Okay--here I go again--in the right forum this time. :blush2
I've looked at past posts about this and did check out the soapers guild and Penkin ins. But since I live in Kansas the latter didn't sell here and the former is 500 a year-- a little steep still for me. But I did find out about this company: RLI insurance company. http://my.rlicorp.com/Products/IBP/buy.asp
If I did the online calculator correct for Kansas it would be 219 a year--much more easy to swallow. Has anyone here used them? I am also currently checking with a friend who sells state Farm to see what he has, but not sure if the price would be this low.
Any other companies you all use? Especially would like feedback about RLI
Thanks
christine :biggrin


----------



## hsmomof4 (Oct 31, 2008)

Someone else asked about them just recently (scroll down the posts...when I checked, it was still on this page) and didn't get much in the way of answers.
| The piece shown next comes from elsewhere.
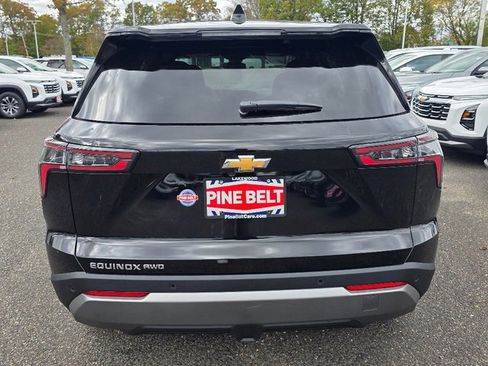 New 2026 Chevrolet Equinox LT w/ Convenience Package II image 10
You might check over at The Dish Forum.


----------



## Sondra (Oct 25, 2007)

use your search eng on the upper left side of the forums then uncheck the box at bottom and type in insurace for your search and ck the box next to soap in pull down box of choose your forum. lots comes up but here is one.
http://dairygoatinfo.com/index.php/topic,11647.0.html


----------



## NubianSoaps.com (Oct 26, 2007)

I would be asking someone who was actually paid a claim...lots of folks pay for insurance, it's their payout I would be interested in. Vicki


----------



## Guest (Dec 20, 2009)

:yeahthat yep, yep, yep. Are they really gonna cover your product liability ? You better read all the fine print, and just see what all of their limits are. I just went through this back a few months ago with my insurance agent (who is also a good friend that wouldn't lie to me) ......lots of "where as", "could be's", "maybe's", when I started diggin deep. I'm about like Vicki here......can you find where they ever paid out money on a claim. The strength of the policy is not in what it cost, it's in what it's ever payed out.

Whim


----------



## tmfinley (Feb 21, 2008)

I was the one who recently asked about RLI. I haven't gotten many responses on it though. The agent I spoke to said there were very few claims in the personal care category. I was sent 47 pages of fine print to read through but I really have no idea what most of it says. The biggest thing for me is not being able to buy anything ready made and repackaging it. They won't cover that. I did a lot of searching on the dish forum and am also going to look into Wells Fargo. Alot of people had good things to say about them there but they don't sell liability insurance in every state. It would be great if you'd share any information you find about different insurances. I haven't decided exactly what I'll be doing yet.

Tiffany


----------